Если же душа есть некое число (мысль скорее глубокая, чем ясная) или же пятая стихия, которую нельзя ни назвать, ни понять, то она должна быть еще цельнее и чище и поэтому возносится особенно высоко над землей.
Отождествлять душу с числом могли не только сами пифагорейцы, но и платоники и аристотелики, испытавшие его влияние, поэтому рядом с «числом» появляется аристотелианское понятие «пятая стихия». Ниже Цицерон упоминает Дикеарха и Аристоксена, которых резко критиковал выше.
Чем из всего здесь перечисленного считать душу, безразлично, лишь бы такая живая сила как ум не была загнана ни в мозг, ни в сердце, ни в кровь, как того хочет Эмпедокл.
Эмпедокл считал, что в крови равномерно распределены все четыре стихии, и поэтому отождествлял ее не просто с душой, а с мыслью.
О Дикеархе и Аристоксене, его сверстнике и соученике, при всей их учености говорить не приходится: первый из них, по-видимому, настолько был бесчувствен, что даже не заметил души у самого себя, а второй настолько поглощен своей музыкой, что и о душе судил как о песне. Между тем гармонию мы познаем из интервалов между звуками, и разные интервалы, складываясь, дают многообразные гармонии; а вот какую может дать гармонию склад и облик тела без души, я представить себе не могу. Так что пусть уж лучше он при всей своей учености уступит это место учителю своему Аристотелю, а сам учит пению: не зря ведь говорится в греческой пословице:
«Кто в чем учен, тот в том пусть и старается!»

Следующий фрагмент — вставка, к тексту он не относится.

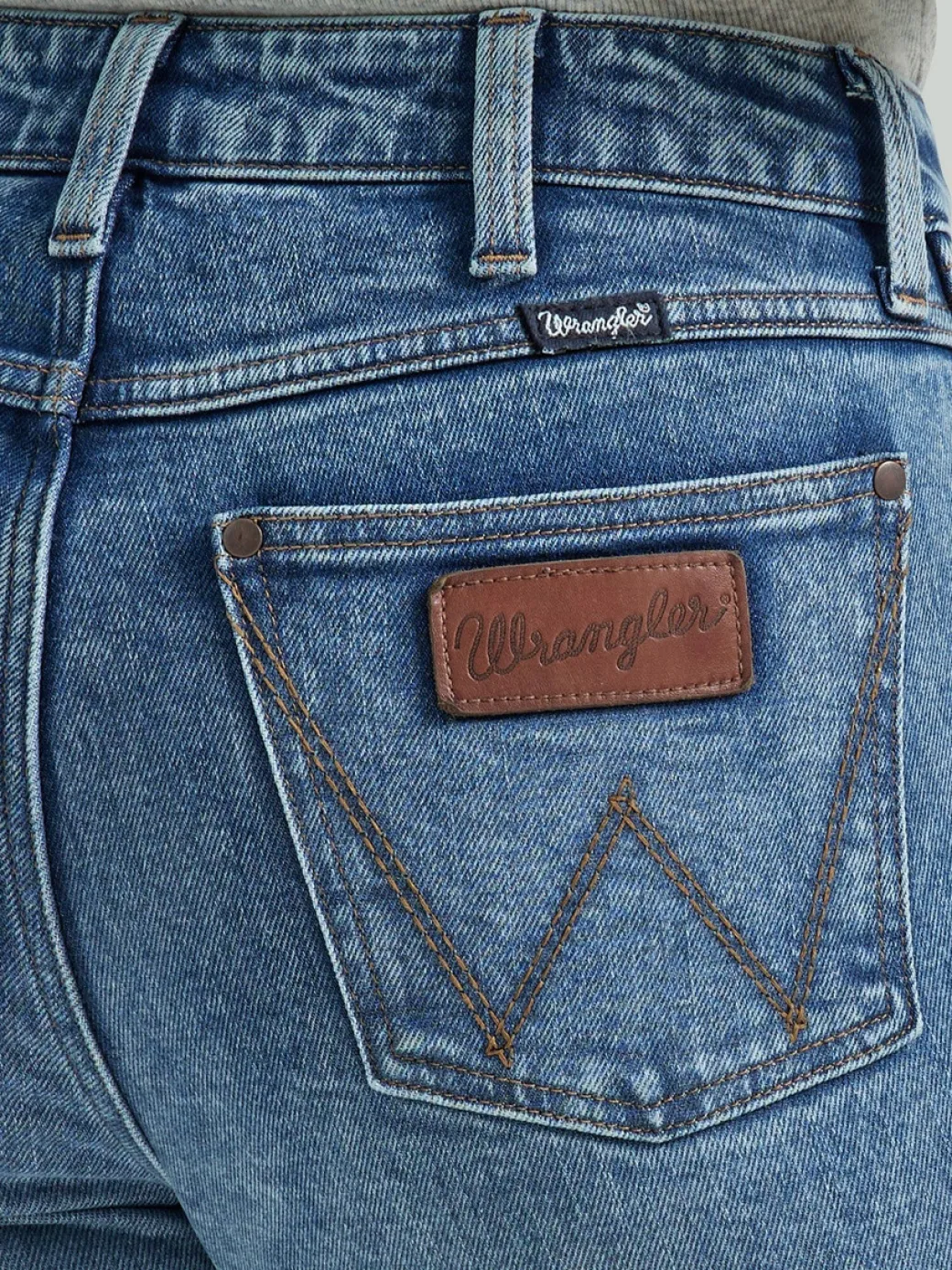 Wrangler Bailey HR Med Wash Boot Cut Jeans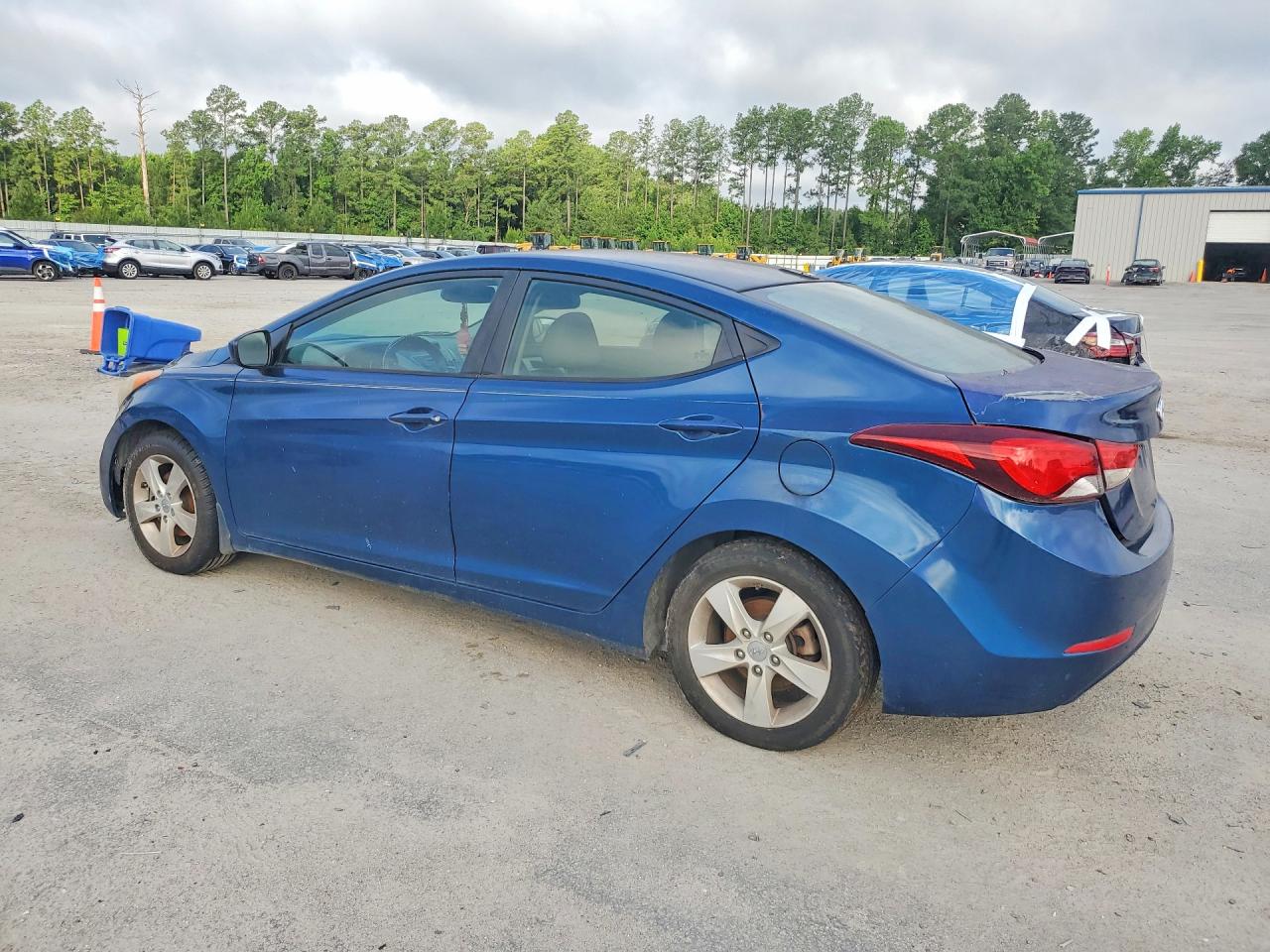 2013 Hyundai Elantra Gls Blue vin: KMHDH4AE3DU998375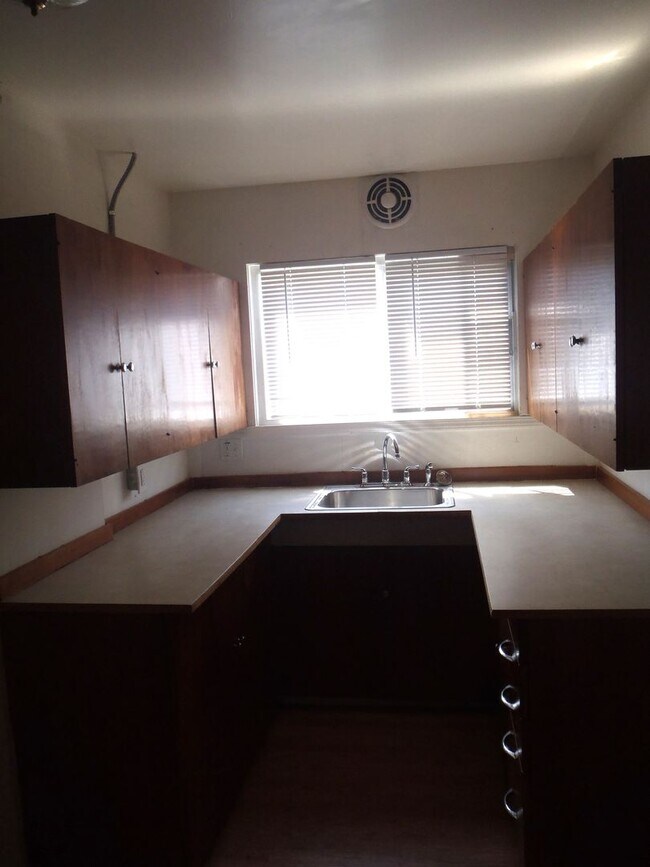 Photo - 2603 Unit #2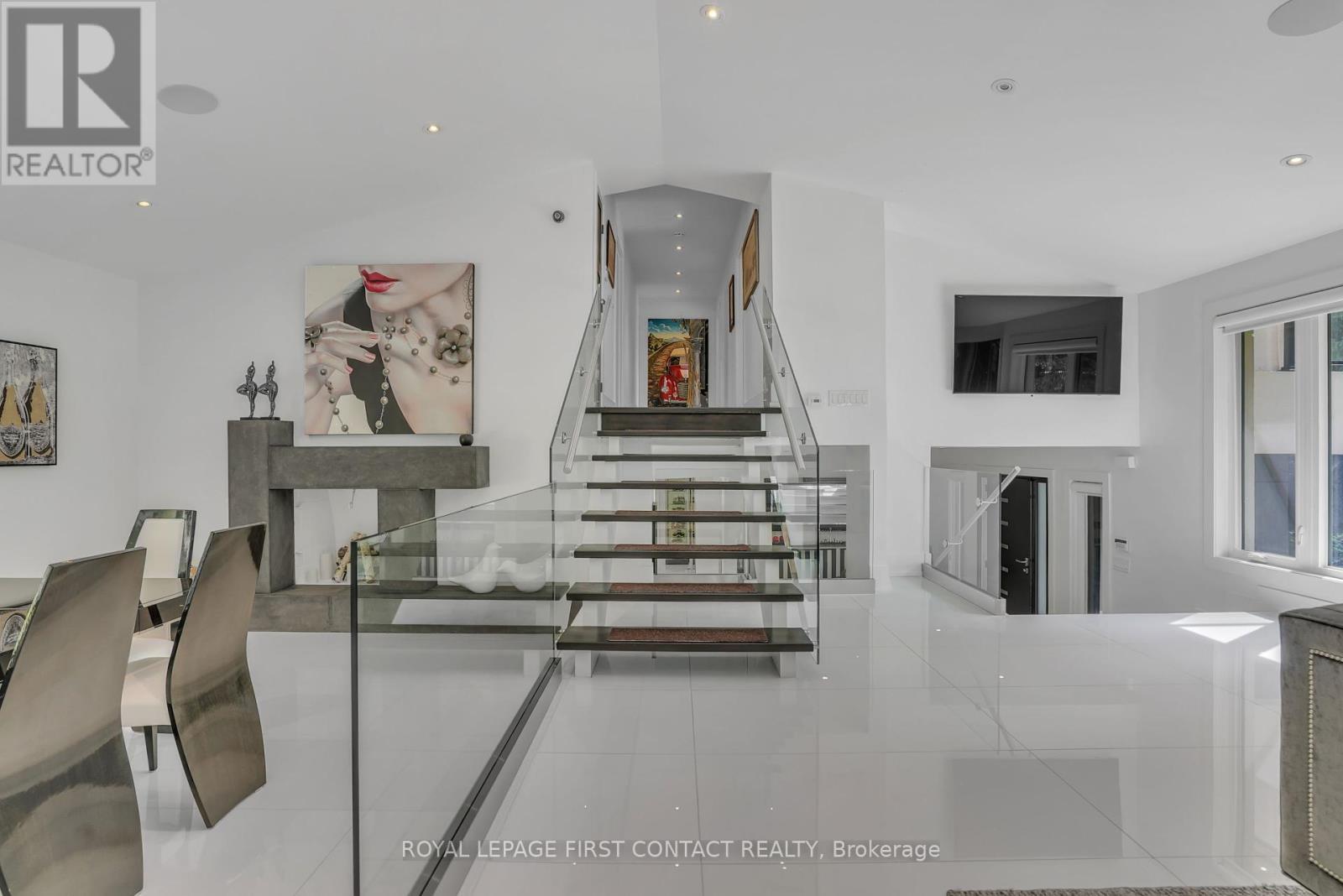 












15075 JANE STREET

,
King,




Ontario
L7B1A3

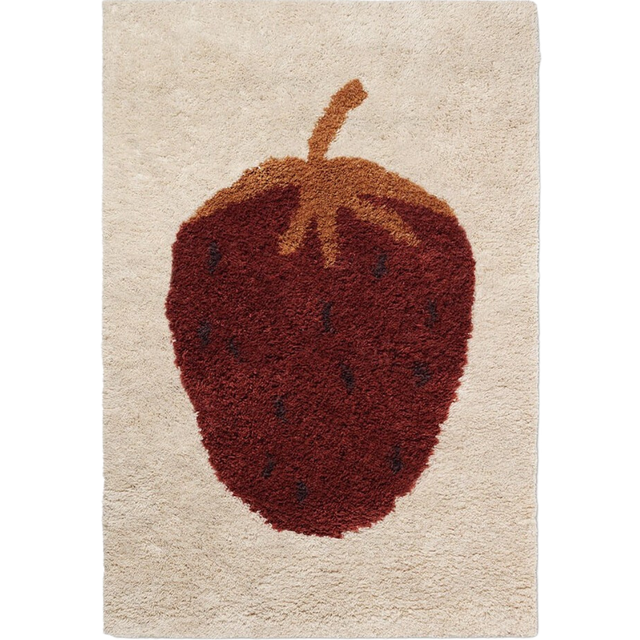 TUFTED RUG STRAWBERRY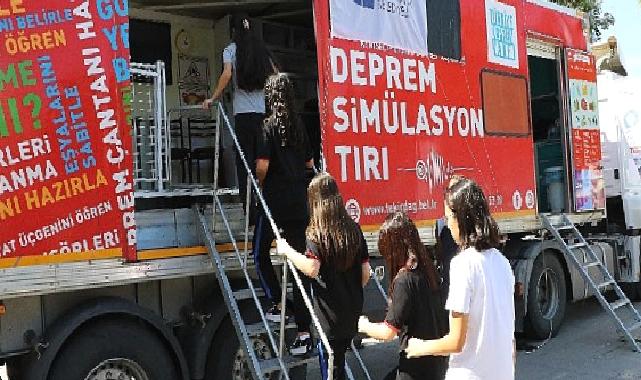 Öğrencilere Deprem Simülasyon Tırında Eğitim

Цицерон понимает гармонию не как соответствие одного звука другому, но как нашу способность при таком соответствии отличить один звук от другого. Поэтому душа не может быть гармонией, раз гармония состоит не в том, чтобы согласовать все звуки, но чтобы найти новые гармонии как новые пропорции и различения.
И уж подавно мы отвергнем то случайное стечение неделимых телец, гладких и круглых, в котором Демокрит считает возможным находить теплоту и дыхание, то есть одушевленность. Если же, наконец, душа есть одна из тех четырех стихий, из которых будто бы все состоит, то, несомненно, она состоит из воспламененного воздуха (так, кажется, преимущественно полагает Панэтий), а стало быть, неизбежно стремится ввысь: ни огонь, ни воздух не имеют в себе ничего нисходящего, а всегда тянутся вверх.
Поэтому, если эти души рассеиваются, то не иначе как высоко над землею, если же продолжают жить и сохраняют свой образ, то тем несомненнее они возносятся к небу, прорезая и разрывая воздух более густой и плотный, который ближе к земле. Ибо душа – пламеннее и жарче, чем этот воздух, который я назвал густым и плотным; это видно из того, что тела наши, сами по себе сложенные из земляной стихии, согреваются жаром души.